Kerala’s ‘fat tax’ causes indigestion to multinational food brands who argue traditional items are fattier

Multinational food companies selling pizzas, burgers, pastas, etc are up in arms over Kerala government’s proposal to levy ‘fat tax’.

The Kerala government, in its state budget, proposed to slap 14.5 per cent ‘fat tax’ on junk food such as burgers, pizzas and doughnuts that are sold in high-end restaurants.

To this, the companies say this is a tax on the multinationals and is not aimed at overall well-being of the state.

They say traditional items such as sweets, pooris, butter dosas, etc are fattier and have been let off by Kerala FM Thomas Isaac.

Even though Kerala is a small market for big food companies, it will still leave a dent on remaining chains also.

"Anything in excess is unhealthy, which includes most traditional Indian savouries and sweets.

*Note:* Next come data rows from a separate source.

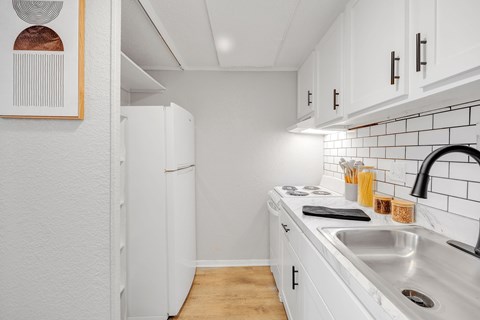 A kitchen with white cabinets and a white fridge.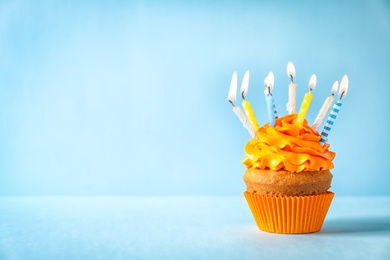 Photo of Delicious birthday cupcake with candles on color background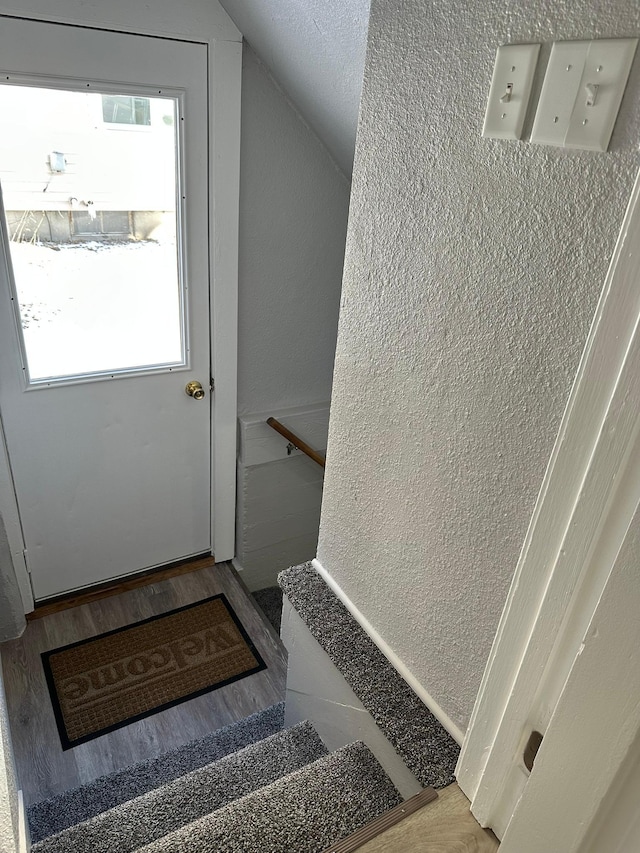 stairs with a wealth of natural light, vaulted ceiling, wood finished floors, and a textured wall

Targetting a cuisine segment which is not more than 10% of Indian food consumption and taxing the organised sector is an easy scapegoat," National Restaurant Association of India (NRAI) Secretary Rahul Singh told ET.

NRAI represents thousands of restaurants, including established names such as Pizza Hut, McDonald's and Domino's.

"The tax clearly singles out multinational brands. What about local Indian brands - some of their products are that much more unhealthy and many do not follow basic hygiene standards," managing director of a leading American fast food brand in India told ET.

Meanwhile, the multinationals are expected to pass on the tax to consumers, which will burn a hold in their pockets.

Unnat Varma, managing director at Pizza Hut, termed the move as "business-unfriendly".

Meanwhile, the Communist Kerala government also proposed a 5 per cent tax on certain packed foods such as maida and rava.